There remains only the question of notice. The proof is meager. It is manifest that no attempt was made to excuse the giving of notice, and that the trial judge did not predicate his finding on this theory. He found that there was evidence in the record sufficient to shift the burden to the defendant, in whose power it clearly lay to explain the evidence introduced tending to show that notice was given, but who failed to introduce testimony at all. Among the papers of the deceased a copy of a notice was found on blanks quite apparently furnished by the Company, from which it might well be inferred that the deceased delivered the original. Also the record contains correspondence between the deceased and the State authorities tending to support this theory. Moreover, one or more witnesses testify to statements made by Mr. Roehl which indicated quite clearly that he had been fully notified, not only of the injuries suffered and of the serious conditions of Mr.
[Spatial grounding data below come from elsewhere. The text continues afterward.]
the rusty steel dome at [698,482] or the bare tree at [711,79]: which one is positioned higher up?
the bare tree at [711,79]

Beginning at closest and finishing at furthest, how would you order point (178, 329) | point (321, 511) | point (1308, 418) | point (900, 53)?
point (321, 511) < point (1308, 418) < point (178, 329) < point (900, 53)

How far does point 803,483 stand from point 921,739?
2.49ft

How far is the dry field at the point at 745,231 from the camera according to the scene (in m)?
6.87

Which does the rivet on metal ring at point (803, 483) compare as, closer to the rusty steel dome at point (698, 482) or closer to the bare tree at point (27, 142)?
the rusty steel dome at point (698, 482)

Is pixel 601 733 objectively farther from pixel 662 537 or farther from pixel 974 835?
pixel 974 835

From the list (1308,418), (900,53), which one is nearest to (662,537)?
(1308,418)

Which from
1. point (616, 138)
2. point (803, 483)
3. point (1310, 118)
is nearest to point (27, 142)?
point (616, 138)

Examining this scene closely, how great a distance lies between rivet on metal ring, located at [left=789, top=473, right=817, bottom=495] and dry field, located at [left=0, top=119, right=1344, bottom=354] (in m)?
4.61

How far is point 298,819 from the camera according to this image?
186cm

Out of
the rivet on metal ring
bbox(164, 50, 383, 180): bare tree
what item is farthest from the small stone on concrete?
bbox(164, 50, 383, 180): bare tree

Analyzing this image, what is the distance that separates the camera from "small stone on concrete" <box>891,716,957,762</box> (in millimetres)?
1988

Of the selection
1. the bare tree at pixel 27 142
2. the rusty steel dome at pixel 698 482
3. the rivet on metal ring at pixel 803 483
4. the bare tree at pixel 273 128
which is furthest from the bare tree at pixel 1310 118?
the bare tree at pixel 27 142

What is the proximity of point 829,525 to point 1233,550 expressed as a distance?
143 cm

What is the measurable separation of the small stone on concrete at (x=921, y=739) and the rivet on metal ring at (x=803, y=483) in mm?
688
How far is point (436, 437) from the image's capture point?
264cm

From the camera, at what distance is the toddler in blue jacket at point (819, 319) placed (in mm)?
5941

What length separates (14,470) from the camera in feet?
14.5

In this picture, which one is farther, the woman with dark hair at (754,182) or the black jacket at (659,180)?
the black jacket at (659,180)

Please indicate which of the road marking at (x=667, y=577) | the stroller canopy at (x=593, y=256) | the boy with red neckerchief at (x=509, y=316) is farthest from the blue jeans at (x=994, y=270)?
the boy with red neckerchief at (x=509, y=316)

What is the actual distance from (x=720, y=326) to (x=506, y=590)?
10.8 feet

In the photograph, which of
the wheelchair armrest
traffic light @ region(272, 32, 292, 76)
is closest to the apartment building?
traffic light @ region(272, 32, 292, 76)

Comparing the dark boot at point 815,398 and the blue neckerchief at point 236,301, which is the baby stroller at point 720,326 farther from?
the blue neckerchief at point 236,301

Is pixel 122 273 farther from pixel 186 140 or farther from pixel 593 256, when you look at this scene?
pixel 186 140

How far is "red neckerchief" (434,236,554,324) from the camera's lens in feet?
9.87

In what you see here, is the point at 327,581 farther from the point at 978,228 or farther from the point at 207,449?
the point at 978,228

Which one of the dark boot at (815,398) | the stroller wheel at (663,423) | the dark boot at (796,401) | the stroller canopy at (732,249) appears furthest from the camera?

Graw, but of the fact that he was claiming that the injury was the result of pushing the mixer. It appears that Roehl visited the hospital and was interested and concerned. We are not inclined to disturb the finding of the trial judge on this *Page 469 question. As said by the trial judge, Mr. Graw was dead and his lips sealed, and it was within the power of the living defendant to meet with satisfactory rebuttal testimony the circumstantial evidence introduced for the petitioner.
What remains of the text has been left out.